What you need to do: Further down are entries; set down exactly and only the lines from the one with "To My Daughter" up to and including the one with "Louis Vuitton Rivoli", dropping each picture.
Extracted records section start
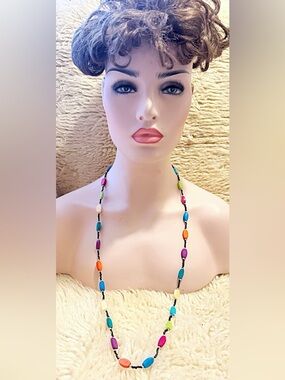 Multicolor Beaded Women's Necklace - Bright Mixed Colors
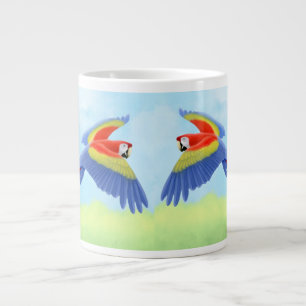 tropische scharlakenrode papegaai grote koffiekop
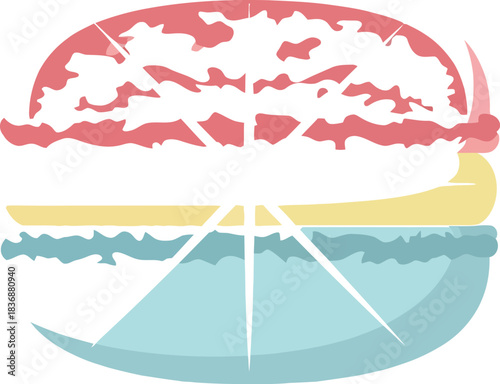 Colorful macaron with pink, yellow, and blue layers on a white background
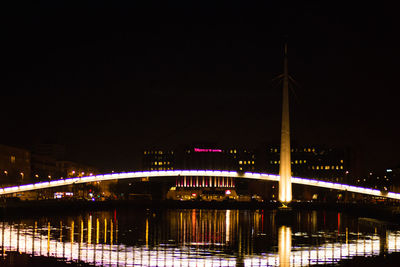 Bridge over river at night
Extracted records section end
Extracted records section start
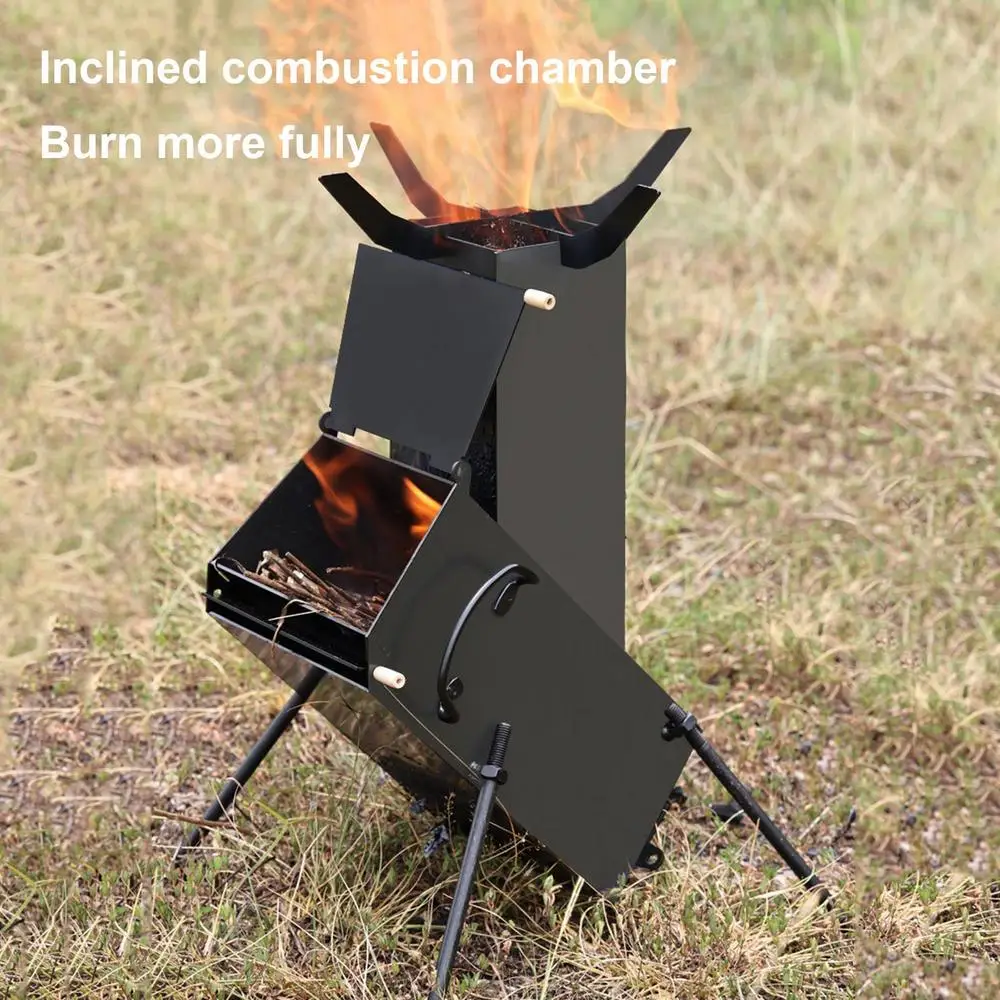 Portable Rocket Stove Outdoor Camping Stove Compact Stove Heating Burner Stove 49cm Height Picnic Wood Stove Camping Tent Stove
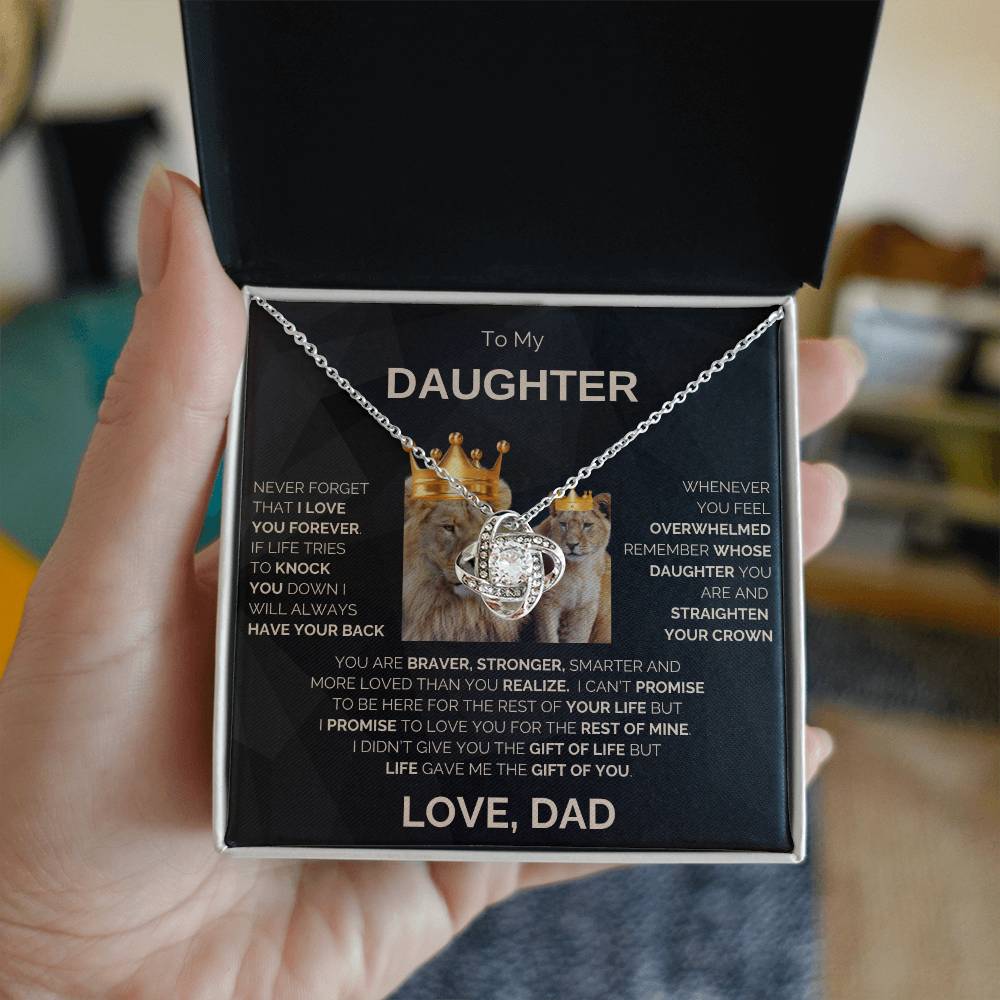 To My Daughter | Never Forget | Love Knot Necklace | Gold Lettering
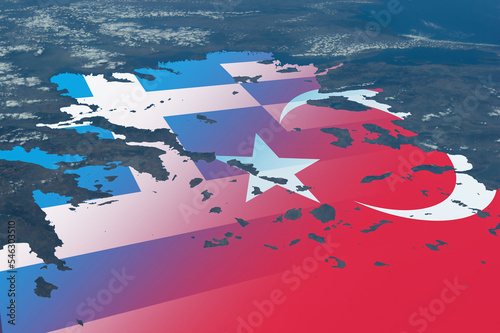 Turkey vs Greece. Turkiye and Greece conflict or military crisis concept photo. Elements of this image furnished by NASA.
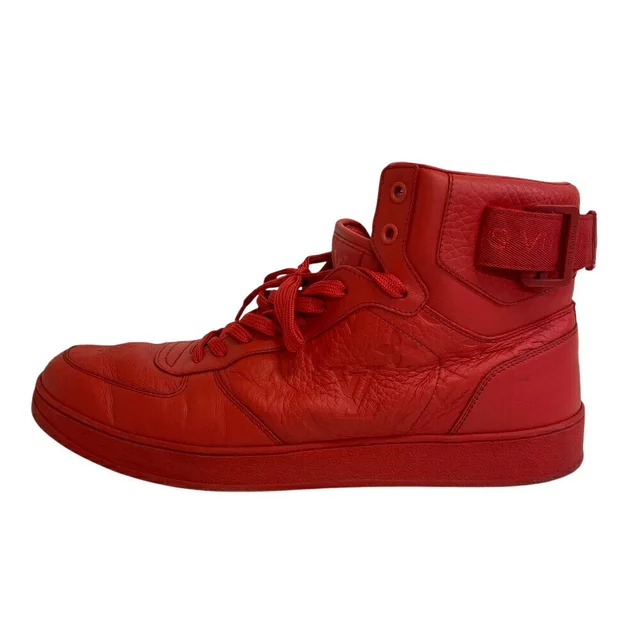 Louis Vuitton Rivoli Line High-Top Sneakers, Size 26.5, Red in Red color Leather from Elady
Extracted records section end
Extracted records section start
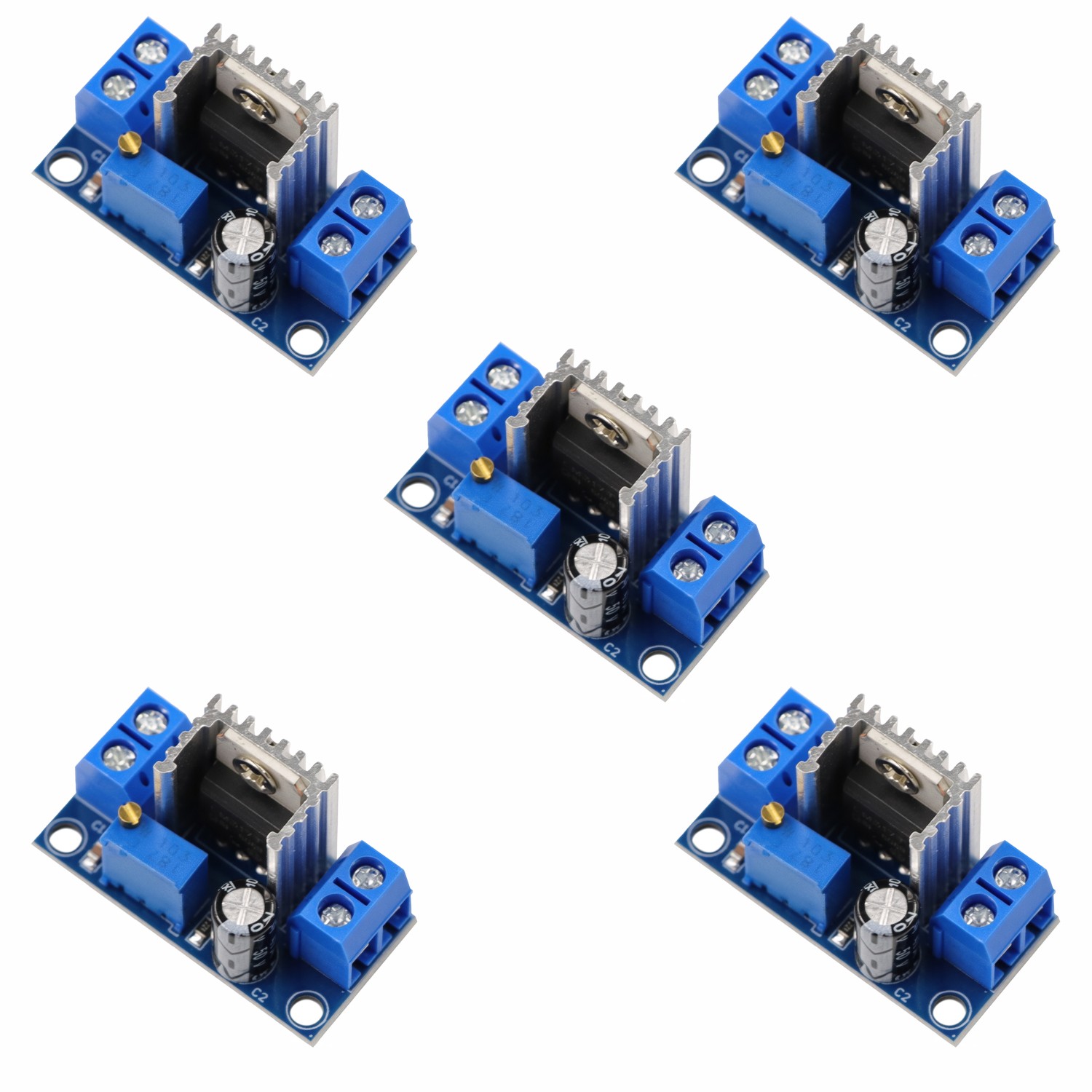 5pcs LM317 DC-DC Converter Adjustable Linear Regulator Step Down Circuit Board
Extracted records section end
Answer box:
 To My Daughter | Never Forget | Love Knot Necklace | Gold Lettering
 Turkey vs Greece. Turkiye and Greece conflict or military crisis concept photo. Elements of this image furnished by NASA.
 Louis Vuitton Rivoli Line High-Top Sneakers, Size 26.5, Red in Red color Leather from Elady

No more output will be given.